Abu Dhabi choir that helped the Stones to shine a light
Next time a big musical act rolls into town, a certain group of local singers won’t be able to stop wondering if they’ll be getting a call to back them up on stage.
After being asked to perform with Andrea Bocelli, Susan Boyle and, most recently, The Rolling Stones, the Al Khubairat Singers are becoming the go-to Abu Dhabi choir when big stars needs a big vocal sound.
They were thrilled to be asked to sing with the Britain’s Got Talent reality-show heroine Susan Boyle last December, but were left disappointed when the concert was cancelled.
Last March, Karen Minkkinen Page, a music teacher at Raha International School, was part of the choir invited to sing with the Italian tenor Andrea Bocelli at du Arena.
“It was probably the most exciting musical event of my four years living and singing here,” she says.
The Al Khubairat Singers are a community choir run by Jonathan Lyall, the head of the instrumental music department at Al Khubairat School.

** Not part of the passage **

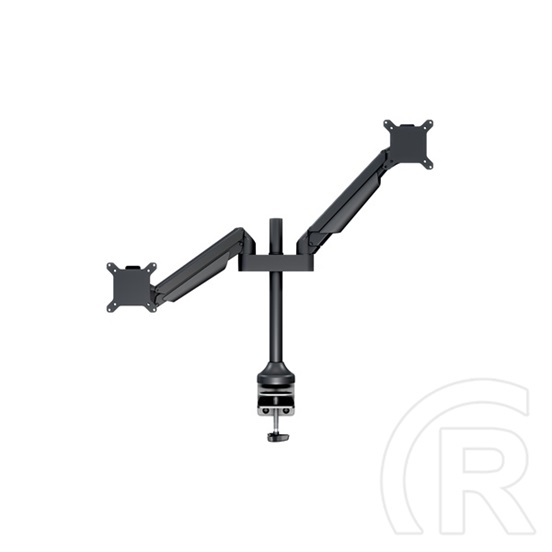Multibrackets gázrugós 2 karos asztali monitor konzol (15-32", VESA 75x75/100x100, max. 10 kg, fekete)
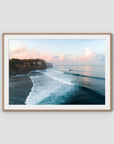 Uluwatu Sunsets - Art Print - Traditional Frame - Raw Oak - Landscape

They rehearse for two hours every Sunday evening at the school.
“We’ve performed classical, jazz, rock – our singers are versatile and happy to perform with anyone who comes to town,” says Lyall.
Lyall and his wife, Kate Denton, who are both from Britain, are moving to Singapore in August. He is yet to choose a replacement to lead the choir he founded seven years ago. He helped the singers to prepare for the Rolling Stones performance, but couldn’t be there in person.
“It came to us in an email, quite randomly, saying The Rolling Stones needed a choir,” he says. “I got the biggest gig ever – but I couldn’t make it as I had a school music trip in Beijing on the same day. I was gutted I couldn’t be there.”
The 35 members of the choir range in age from those in their 20s to their 60s, but because the Stones required a younger mix, Lyall roped in nine students from the school who were 18. In the end there were 23 singers for the gig. He helped the group rehearse You Can’t Always Get What You Want, one of the Stones’ most popular tunes, before leaving fellow music teacher Denton in charge.
Denton admits she got last-minute nerves when she saw the size of du Arena, where 30,000 fans had gathered. “We had never sung or played to such a massive crowd before.
“The audience was amazing. Mick Jagger got them to join in with the choruses, so there was lots of screaming and shouting.
“For the students who sang, of course the Stones are not their generation, but they were quite overwhelmed and really humble about being given such an opportunity.”
One of those A-Level students, Joe Frost, says: “During the rehearsal, Mick Jagger and Keith Richards gave us a hearty welcome and commended us for reacting normally to their presence.
“The amount of effort they go through to fluidise their tunes is more than enough to respect their art. If you closed your eyes during their performance you would think they were in their early 20s.”
Ashley Moyles, 30, a Canadian teacher, has long been a Stones fan and had a ticket for the show – not realising she would end up on stage.“It wasn’t real until we saw them rehearsing. I was shaking with excitement. Everyone was giving off that really great energy.
“Mick used to be my favourite. But now I have a real strong appreciation for Ronnie. He wore this fantastic bright-pink jacket for the soundcheck and sparkly shoes which he kept on throughout the night. I thought he looked so cool. He could even light a cigarette, smoke it and carry on playing at the same time.
“It’s great to think there’s still potential to sing with other big-name singers.”
For their next collaboration, the Al Khubairat Singers will be joined by the UAE Symphony Orchestra to perform sections of Carmina Burana by Carl Orff at the Abu Dhabi National Theatre on April 25. They will perform the same piece with the Morgan State University Choir on May 27 at Al Khubairat School.